As we came out of the theater into the lobby, the mother turned to her teenage daughter and asked, “Is that what you wanted?” I found it an odd question. Not, “Did you like the movie?” or “Did you think it was as good as the book?” But: “Is that what you wanted?” As if to say, “Did it satisfy your need? Did you get your fix?”

The movie we had just seen was The Fault in Our Stars, an adaptation of John Green’s best-selling young adult, or “new adult,” novel of the same name. And indeed, since the book’s publication in early 2012, The Fault in Our Stars has served as a kind of heroin for teenage and not-so-teenage girls.

The book has sold more than 10 million copies (and so far in 2014, it’s still the bestselling book in the United Kingdom). On its opening weekend in the United States, the movie shoved aside Tom Cruise’s sci-fi thriller, Edge of Tomorrow, for number 1, and has already grossed over $164 million worldwide.  
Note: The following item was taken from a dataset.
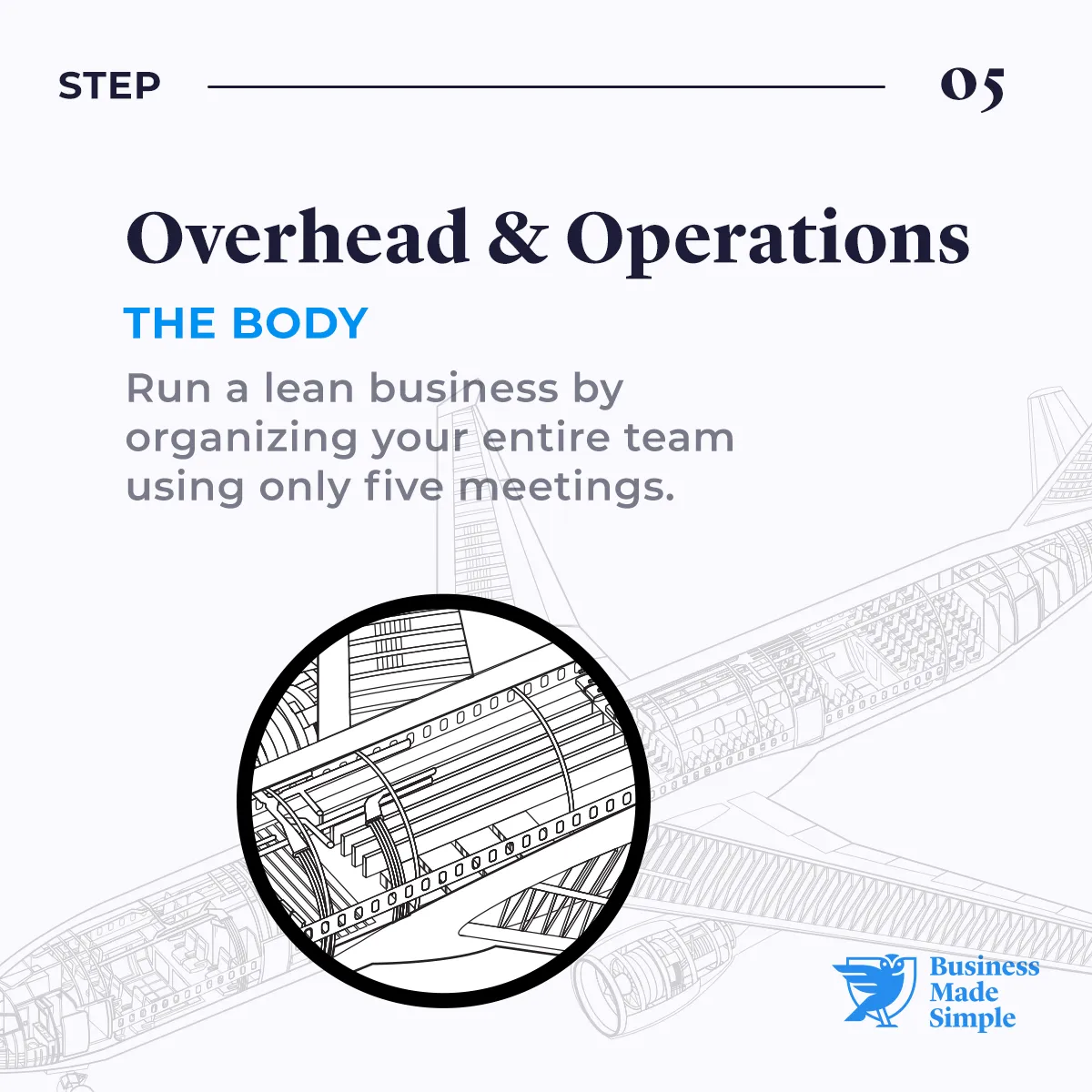 Step 5: Management | The Body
The Fault in Our Stars is a 21st-century story of star-crossed young lovers, Hazel Grace Lancaster and Augustus Waters, who meet in a cancer support group for teenagers. She is battling thyroid cancer; he, though currently cancer free, lost a leg to osteosarcoma. It’s a seductive tale, not least because it glorifies illicit teenage sex, but more importantly, because it glorifies the particular kind of authenticity young audiences crave.
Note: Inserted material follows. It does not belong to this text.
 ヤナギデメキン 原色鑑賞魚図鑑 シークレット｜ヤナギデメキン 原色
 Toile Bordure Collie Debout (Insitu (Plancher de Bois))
Hazel Grace’s first-person narration in the book, in fact, is a kind of homage to Holden Caulfield’s sweetly disaffected irony in J.D. Salinger’s The Catcher in the Rye. Like Holden, both Hazel Grace and Augustus are desperately seeking authenticity in a world of phoniness. Their parents, doctors, friends, cancer support group – in one way or another, all fail to deliver what they need to make sense of their looming and untimely deaths.

So what they turn to for authenticity is, first, their romance, a romance given a certain mawkish poignancy by their illnesses. Hazel Grace and Augustus fall in love as teenagers do, but they bond in part over the fact that they know, in a way not even their parents and doctors can ever know, what it really means to have to deal with a fatal disease.

Parents play a somewhat bigger role in The Fault in Our Stars than they do in The Catcher in the Rye, but they nonetheless do little more than hover in the background with cheerfully supportive smiles and greeting card advice. In the movie, after Hazel Grace and Augustus enjoy an afternoon of bliss, it is clear that Hazel Grace’s mother suspects them but chooses to remain silent. Teenage sex seems to be regarded by her as play in the Garden of Innocence, and the fact that the young lovers both have cancer makes their interlude that much more agonizingly piquant.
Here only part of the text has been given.